Schutzfilter oder UV-Filter

Objektive sind teuer und auch wenn die heutigen Linsengläser in der Regel sehr gut veredelt werden und nicht mehr so leicht zerkratzen, ein starker Kratzer in der vorderen Linse kann dazu führen, dass das gesamte Objektiv reif ist für die Mülltonne! Eine Reparatur lohnt in der Regel nicht, da der Austausch einer Linse nur unter staubfreien Laborbedingungen möglich wäre und es sich be einem Objektiv um ein in sich geschlossenes System handelt, so dass kein Staub, Sand oder gar Wasser eindringen kann.

Ein einfacher Schutzfilter wird daher von vielen Fotografen dauerhaft vor das Objektiv geschraubt. Häufig werden hierzu UV Filter genutzt, da deren Einfluss auf das Bild in der Regel nicht sichtbar ist und sie erst unter bestimmten Bedingungen einen echten Effekt auf das Bild haben. Sie rauben kaum Licht und können problemlos auf dem Objektiv bleiben.

Polarisationsfilter

Einer der nützlichsten Filter und einer der wenigen, die es aus der analogen Welt in die digitale Welt geschafft haben, ist der Polarisationsfilter. Dieser nützliche FIlter entfernt „überschüssiges“ Licht und kann Spiegelungen von beinahe allen glänzenden Oberflächen reduzieren. Über eine „Active D-Lighting“ Funktion Ihrer Kamera wird manchmal versucht den Effekt eines Polarisationsfilters digital zu simulieren, jedoch sind die Ergebnisse in der Regel eher mittelmäßig.

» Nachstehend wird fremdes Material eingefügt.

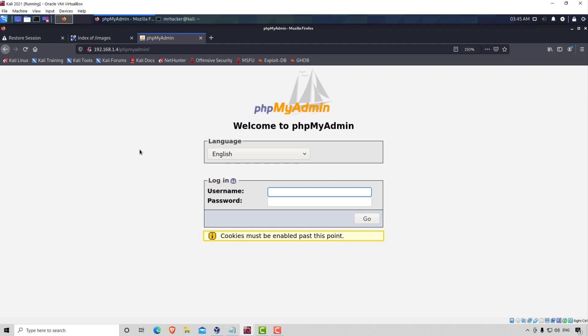Now, why are we going through all of these previous tools with only basic options and with Burpsuite, we're going to go with advanced options? Well, it's pretty simple. Burpsuite is a tool that you will use for bug bounty. Its main purpose is to actually use it for bug bounty.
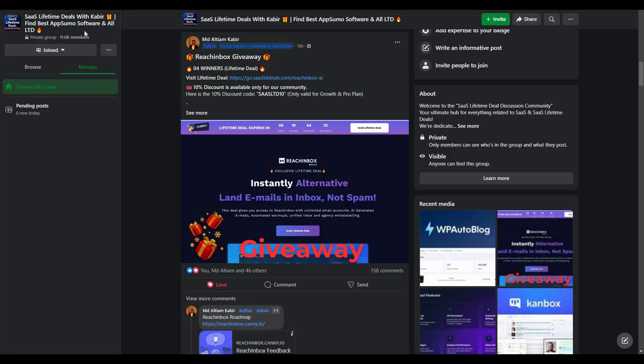You can also join our SaaS discussion group on Facebook to get latest updates on SaaS software, exciting discounts, and attractive giveaways just like this.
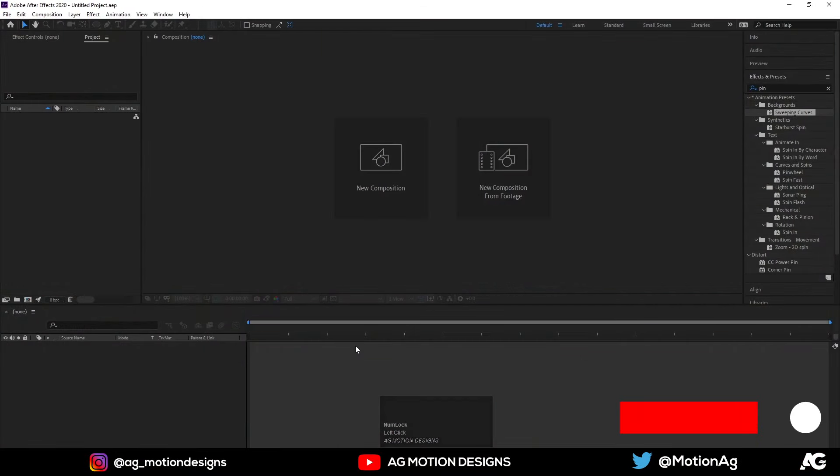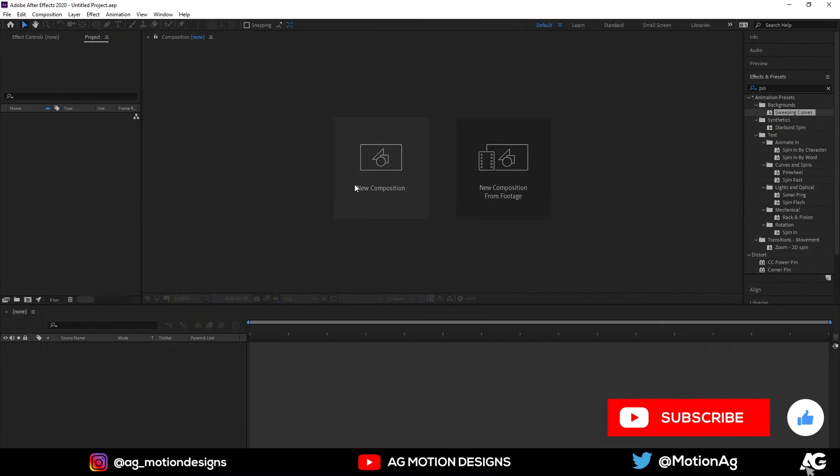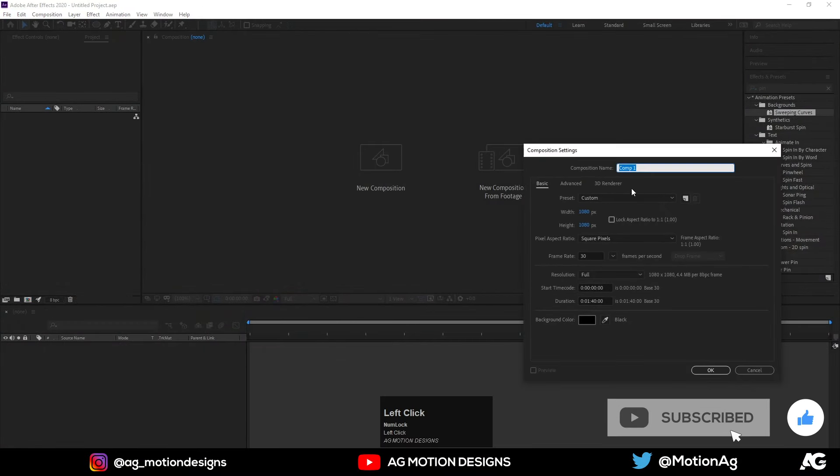Here we are in After Effects. Now we will create a new composition — type 'Main Animation'.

Wie alle Filter sitzt der Polarisationsfilter vor dem Objektiv und hat somit einen direkten, optischen Einfluss auf das Geschehen, Ihr könnt also bereits im Sucher der Kamera genau sehen, welchen Effekt der Filter auf das Bild haben wird. Durch drehen kann dieser Effekt gesteuert werden. Polarisationsfilter ermöglichen Euch beispielsweise durch Glas hindurch zu fotografieren, verstärken in der Landschaftsfotografie die Farben, dadurch dass sie Lichtreflektionen des weißen Lichts herausnehmen, ermöglichen Euch Sonnenspiegelungen auf Wasser zu kontrollieren und lassen bei regennassen Straßen ungewünschte Spiegelungen verschwinden.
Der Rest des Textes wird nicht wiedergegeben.